I agree Crafty atm it fits my cars but when I add that extra bit may come in too tall.
TBH if I could weld I would be making a copy of the nice featured at the start of the thread as they will be more compact for storage I think.
Geoff


----------



## Cookies (Dec 10, 2008)

Great stuff Geoff. Could you use a router and create a shallow recess to set the pucks into? 

Just a thought bud. 

Cooks


----------



## Cy-Zuki (Feb 9, 2015)

Hi Cooks,
Yes I could ......if I had one! :thumb:

Personally, I think I have the clearance to get away with it. The other option is to slice the puck in half horizontally - which should provide enough cushioning and halve the number of pucks needed.

I am off to buy screws this afternoon and may just get more work done over the weekend - visitors permitting.

Geoff


----------



## Cy-Zuki (Feb 9, 2015)

OK guests are out on their own today so I have had a few minutes to play!

Next photos are on my (dirty) Yeti.

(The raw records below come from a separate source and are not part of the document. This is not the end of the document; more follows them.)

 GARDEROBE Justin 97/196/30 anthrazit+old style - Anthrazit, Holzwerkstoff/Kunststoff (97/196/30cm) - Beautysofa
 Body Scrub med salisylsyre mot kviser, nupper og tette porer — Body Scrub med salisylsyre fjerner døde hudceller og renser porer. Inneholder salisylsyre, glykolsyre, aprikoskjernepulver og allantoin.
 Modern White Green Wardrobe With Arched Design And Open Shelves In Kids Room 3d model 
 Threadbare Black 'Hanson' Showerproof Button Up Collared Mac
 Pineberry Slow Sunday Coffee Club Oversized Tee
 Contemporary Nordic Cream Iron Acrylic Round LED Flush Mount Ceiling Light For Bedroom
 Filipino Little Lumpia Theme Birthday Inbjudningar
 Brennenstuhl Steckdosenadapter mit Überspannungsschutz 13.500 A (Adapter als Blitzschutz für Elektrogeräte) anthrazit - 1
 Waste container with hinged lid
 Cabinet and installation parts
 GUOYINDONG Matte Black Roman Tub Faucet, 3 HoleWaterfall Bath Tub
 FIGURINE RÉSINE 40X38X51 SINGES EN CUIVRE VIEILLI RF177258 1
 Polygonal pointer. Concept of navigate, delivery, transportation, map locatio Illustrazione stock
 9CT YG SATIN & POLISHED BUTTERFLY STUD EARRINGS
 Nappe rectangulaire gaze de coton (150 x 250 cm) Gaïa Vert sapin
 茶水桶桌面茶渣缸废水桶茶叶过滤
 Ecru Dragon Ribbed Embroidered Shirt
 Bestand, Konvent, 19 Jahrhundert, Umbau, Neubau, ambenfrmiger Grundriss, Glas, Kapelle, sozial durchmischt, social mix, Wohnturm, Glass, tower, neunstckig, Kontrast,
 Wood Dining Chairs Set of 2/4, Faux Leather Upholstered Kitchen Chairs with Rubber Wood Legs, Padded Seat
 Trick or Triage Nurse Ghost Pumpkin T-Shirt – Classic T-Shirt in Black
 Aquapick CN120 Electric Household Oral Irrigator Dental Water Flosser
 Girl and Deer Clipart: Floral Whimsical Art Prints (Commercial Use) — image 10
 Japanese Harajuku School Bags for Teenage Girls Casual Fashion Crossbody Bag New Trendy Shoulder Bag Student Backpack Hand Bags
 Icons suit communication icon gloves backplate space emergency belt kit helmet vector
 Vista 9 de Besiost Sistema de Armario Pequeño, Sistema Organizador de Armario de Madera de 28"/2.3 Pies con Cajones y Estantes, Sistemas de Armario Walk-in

Not sure, but it may have longer suspension travel than a "real" car :lol: but it is all I have here ATM.

So - blocks are screwed together and the car jacked up (below)


The image does not show it clearly, but the wheel is fully off the ground ready for removal if I choose.

Image below shows the car at approx same height with blocks added. These have not yet been cut properly to size or screwed together. I plan to test this on my wife's car for sizes but will try and source pieces of 4x4 to make a more solid base.



Next step is to make 4 of these and I will post a pick of all wheels off car at same time but it will probably be a couple of weeks before I can get to that.


----------